Academic crowd-funding seems like a potentially similar situation. How many such campaigns can any particular field and its limited sphere support? One book? Five? Ten? More? If I donate to your book, will you donate to mine? How many book projects should I support before I ask for money, and what happens when you get multiple requests simultaneously? Do you pick the worthiest project(s) or avoid them all?

This question of worthiness leads to my third concern, perhaps the most troubling. Let’s say that this model becomes a success and a widely embraced way to support the extra expenses for a given book project. Let’s also say (hypothetically) that there’s not yet market saturation or donation fatigue in the scholarly giving community. Everyone is happily donating to each other’s projects and making similar requests in exchange. How might this affect reviews of faculty productivity?

One possibility is that the ability to raise funding for a book project becomes another measure of the book’s (and thus the author’s) value to the discipline. Current metrics include citations, selectivity of the publishing house, and reviews, so why couldn’t the ability to crowd-source a project be considered a factor of its value? In the marketplace of ideas, surely the one that receives significant advanced funding has more to offer than another that cannot raise the necessary funds for subvention. Will we record not only print runs and citations, but also donations among a publication’s evaluation (i.e, judging a book not only by its cover, but also its color images)? In our current assessment-driven culture (REF, anyone?), this doesn’t seem so far-fetched. Resources for publications have never been equal across academia. Some schools have more money to support their faculty publications than others. However, these financial discrepancies are at least somewhat visible. A well-endowed private university for instance is more likely to have and to be seen as having greater resources than its public counterpart. In this situation it is the appearance of equality and democracy in the crowd-sourcing model that seems especially pernicious. Crowd-sourcing seems to be a great equalizer in which all projects can compete equally for support.

However, if resources in the field are limited (and they necessarily are), then this model cannot possible serve all potential projects according to their intellectual worth. Indeed, it would seem to privilege the early adopters who tap into the available but limited resources first. Early success is thus doubly worrisome as it has the potential to reconfigure expectations for future publishing while simultaneously draining the available resources for future projects.

In her book, Fair Play: Art, Performance and Neoliberalism, Jen Harvie works through the question of crowd-sourced funding in the arts.

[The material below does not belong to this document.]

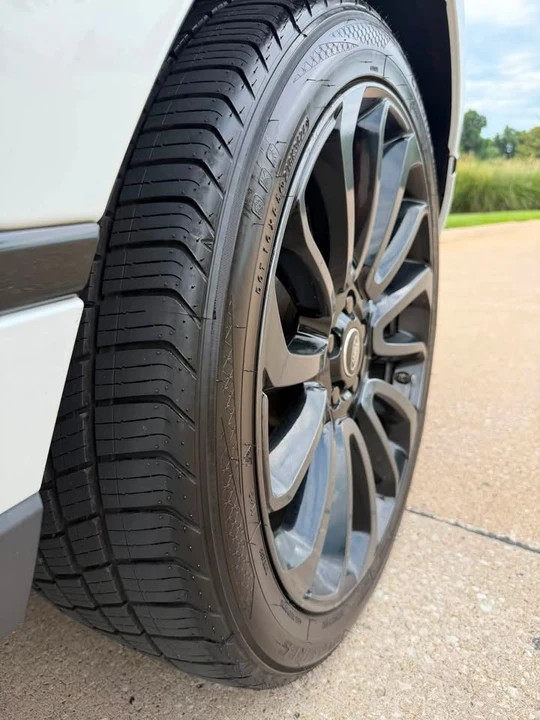 2015 Land Rover Range Rover L405 - Image 6 of 20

Although acknowledging the potential dangers–erosion of existing arts support, privatization of the arts, and pressure to secure private support, among others–Harvie ultimately concludes that the “shift to diversified networks of arts support” is beneficial. At its best, she writes, “it can help forge resilient, inventive new models of networked artistic, economic and social support that can at least temporarily take up the baton of social welfare and help us envision better futures” (126). I’d like to believe this is true, both in the arts and academia, and to be fair, Harvie builds a compelling argument in several case studies. (I highly recommend the book.) But, the key word here is “temporarily.” I’m not convinced that once temporary modes of support are established that they will stay that way. I’m afraid that if crowd-funding a book’s “extras” (images, reprint permissions, etc.) becomes a successful model, then this will alter expectations for future publishing and further erode what limited support currently exists.

That’s why I won’t be supporting your academic crowd-funding campaign. I’m sorry about this. I really am. I’m sure the project is great and I look forward to buying a copy for myself and my university library. I will post the link on my Facebook page and perhaps write a favorable review in an academic journal. I will vigorously recommend that everyone buy your wonderful book and I will assign it in my classes. But given my concerns, I can’t make a financial contribution to its publication.